The native of Cuba told business students the nation must either come together on an immigration policy or face a declining economy.
“For me, this is about numbers. It's about arithmetic. It's about reality. I'm trying to stay away from the emotions of immigration,'' said Gutiérrez, who came to the United States with his family in 1960.
Countries around the world are struggling with a declining work force. If lawmakers succeed on immigration reform, the competitive advantages will last for the rest of this century, he said.
Gutiérrez came to the college with Republican U.S. Sen. Lindsey Graham. The two became friends while crafting immigration legislation that failed in Congress.
Graham has been criticized by Republicans in the state for backing the immigration bill. Gutiérrez praised Graham as someone willing to tackle tough issues.
Graham said the country desperately needs a temporary worker program “to bring workers into this country on our terms'' who understand English and can fill jobs Americans won't.

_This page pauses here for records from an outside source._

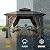 DWVO 10x10ft Hardtop Gazebo Double Roof Hardtop with Nettings and Curtains, Heavy Duty Aluminum Frame Galvanized Steel Outdoor for Patio, Backyard, Deck, Lawns, Grey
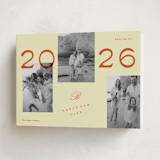 "A Bold Year" - Holiday Cards in Buttercream by Rachel Cassel - Folded Card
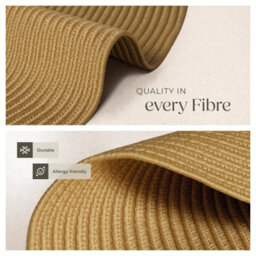 Tectake Rug Raya - Jute Look, Boho Style, Indoor And Outdoor Use, Durable   160 Cm - Brown - thumbnail 5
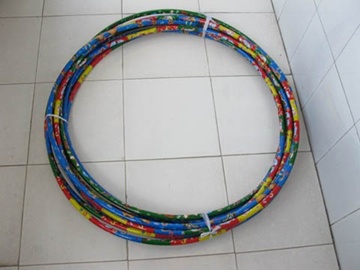 10 Hula Hoops Exercise Sports Hoop Cartoon Design 75cm - Click Image to Close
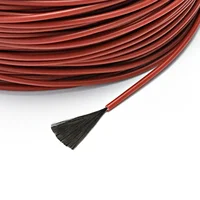 Câble chauffant chaud au sol 12K, 100 mètres, 33ohm/m, fils chauffants en Fiber de carbone, bobine de fil chauffant 5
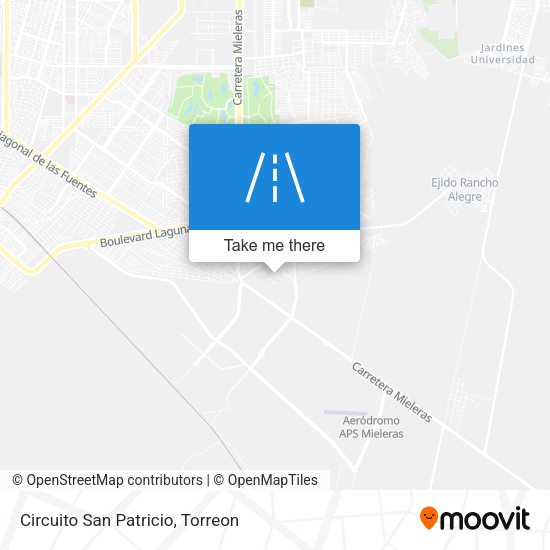 Circuito San Patricio map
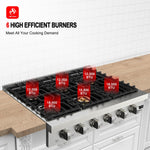 ZLINE KITCHEN & BATH Professional 36-in 6 burners Stainless Steel Gas Cooktop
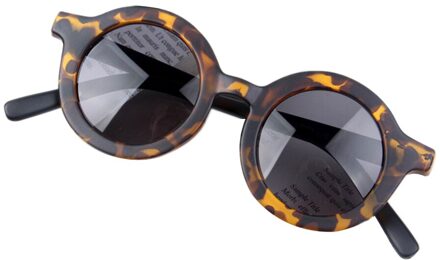 Mode Baby Kids Anti Uv Beschermende Ronde Zonnebril Zonnebril Jongens Meisjes Populaire Solid/Luipaard Strand Zonnebril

``Americans have hopes and dreams for their children up the economic ladder, not down,'' he said. ``If we do not deal with this labor shortage in time, it will hurt us in agriculture and spread throughout the country.''
On other issues, Gutiérrez said the economy will get through the housing crunch.
``Our economy is so big, so diverse and so flexible, it's able to adjust and offset when parts of it are hit,'' he said.
“The economy is now experiencing nearly six years of uninterrupted growth,'' despite the terrorist attacks of Sept. 11, 2001, corporate scandals, Hurricane Katrina and an increasing energy crisis, Gutiérrez said.
Freedom and the entrepreneur spirit are the core of the economy's strength, he said. He believes a strong economy needs low taxes and regulations friendly to innovation. Companies less than five years old account for half of all new jobs created annually, he said.
“Give everybody an equal opportunity. Give everybody a shot and get out of the way,'' said Gutiérrez, who in 1999 became Kellogg’s youngest ever chief executive.